Prevalence and risk factors for impaired glucose regulation among first-degree relatives of patients with type 2 diabetes mellitus in Maiduguri, Northeastern Nigeria
Haliru Ibrahim1, Fabian H Puepet2, Salisu B Muazu3, Bilkisu M Mubi4, Ibrahim D Gezawa5, Shettima K Mustapha4, Bukar Bakki4, Abdullahi M Talle4, Godspower C Michael6, Ibrahim Aliyu6
1 Department of Medicine, University of Maiduguri Teaching Hospital, Maiduguri, Nigeria; Department of Medicine, Federal Medical Centre, Birnin Kudu, Jigawa, Nigeria
2 Department of Medicine, Jos University Teaching Hospital, Jos, Nigeria
3 Department of Medicine, Ahmadu Bello University Teaching Hospital, Zaria, Nigeria
4 Department of Medicine, University of Maiduguri Teaching Hospital, Maiduguri, Nigeria
5 Department of Medicine, University of Maiduguri Teaching Hospital, Maiduguri, Nigeria; Department of Medicine, Family Medicine, and Paediatrics, Aminu Kano Teaching Hospital, Kano, Nigeria
6 Department of Medicine, Family Medicine, and Paediatrics, Aminu Kano Teaching Hospital, Kano, Nigeria
Dr. Salisu B Muazu
Department of Medicine, Ahmadu Bello University Teaching hospital, Zaria.
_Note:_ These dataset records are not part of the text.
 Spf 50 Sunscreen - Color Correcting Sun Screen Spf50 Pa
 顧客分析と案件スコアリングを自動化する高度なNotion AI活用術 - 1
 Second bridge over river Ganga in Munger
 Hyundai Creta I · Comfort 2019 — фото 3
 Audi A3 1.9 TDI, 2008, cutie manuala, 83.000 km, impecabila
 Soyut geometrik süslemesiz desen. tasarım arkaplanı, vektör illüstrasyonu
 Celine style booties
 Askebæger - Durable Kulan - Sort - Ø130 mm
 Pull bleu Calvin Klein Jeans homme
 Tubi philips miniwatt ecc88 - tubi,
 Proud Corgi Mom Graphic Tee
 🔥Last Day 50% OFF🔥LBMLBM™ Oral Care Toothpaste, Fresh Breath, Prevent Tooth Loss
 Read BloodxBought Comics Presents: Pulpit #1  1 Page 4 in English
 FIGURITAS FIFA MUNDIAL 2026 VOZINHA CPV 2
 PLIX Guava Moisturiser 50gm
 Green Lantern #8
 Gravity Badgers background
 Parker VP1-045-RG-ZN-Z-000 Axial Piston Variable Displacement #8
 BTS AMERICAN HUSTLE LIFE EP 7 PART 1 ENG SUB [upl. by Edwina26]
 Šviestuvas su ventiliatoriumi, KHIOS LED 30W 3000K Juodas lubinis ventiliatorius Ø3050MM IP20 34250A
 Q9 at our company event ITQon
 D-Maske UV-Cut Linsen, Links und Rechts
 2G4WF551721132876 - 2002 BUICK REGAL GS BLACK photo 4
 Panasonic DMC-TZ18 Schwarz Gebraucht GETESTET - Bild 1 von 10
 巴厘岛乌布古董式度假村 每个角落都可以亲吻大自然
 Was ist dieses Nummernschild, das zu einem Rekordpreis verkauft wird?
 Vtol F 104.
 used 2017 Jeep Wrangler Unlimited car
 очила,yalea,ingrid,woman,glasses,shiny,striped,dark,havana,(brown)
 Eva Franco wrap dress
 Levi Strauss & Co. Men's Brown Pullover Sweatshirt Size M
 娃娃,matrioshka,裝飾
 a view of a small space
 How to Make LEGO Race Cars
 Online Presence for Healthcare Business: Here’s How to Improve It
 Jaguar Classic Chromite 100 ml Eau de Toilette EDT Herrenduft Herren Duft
Source of Support: None, Conflict of Interest: None
Background/Purpose: Owing to genetic predilection of type 2 diabetes mellitus (T2DM), the risk of developing impaired glucose metabolism is thought to be higher in first-degree relatives (FDRs) of those with T2DM. The aim of this study was to estimate the prevalence of impaired glucose tolerance (IGT) and impaired fasting glycemia (IFG) and its associated risk factors in FDRs of patients with T2DM. Materials and Methods: This is a cross-sectional descriptive study of 320 cases (FDRs of T2DM outpatients) aged ≥25 years (145 males and 175 females) and 160 controls (76 males, 84 females) who were age and sex matched. All subjects underwent anthropometric, physical activity, and laboratory assessments after an overnight fast. Oral glucose tolerance test with 75g anhydrous glucose was administered. Fasting plasma glucose of 6.1–6.9 mmol/L and 2-h post-fasting glucose value of 7.8–11.0 mmol/L were used to define IFG and IGT, respectively. Statistical analysis was carried out using the Statistical Package for the Social Sciences software, version 20 (SPSS, Chicago, Illinois), and P value of <0.05 was considered significant. Results: The mean (standard deviation) age of the cases and controls was 38.4 (12.3) and 38.9 (10.3) years, respectively, P = 0.66. The prevalence rates of both IGT and IFG in cases and controls were (28.1% vs. 18.1%, P = 0.019 and 10.3% vs. 5.6%, P = 0.0001). The prevalence of IGT and IFG was found to be higher among females, P < 0.05. Multivariate analysis revealed abnormal waist circumference, being FDR, and elevated systolic blood pressure as risk factors for both the IGT and IFG, P < 0.05. Conclusion: FDRs of patients with T2DM are at higher risk of IGT or IFG. The risk increases with the development of obesity and elevated blood pressure in them.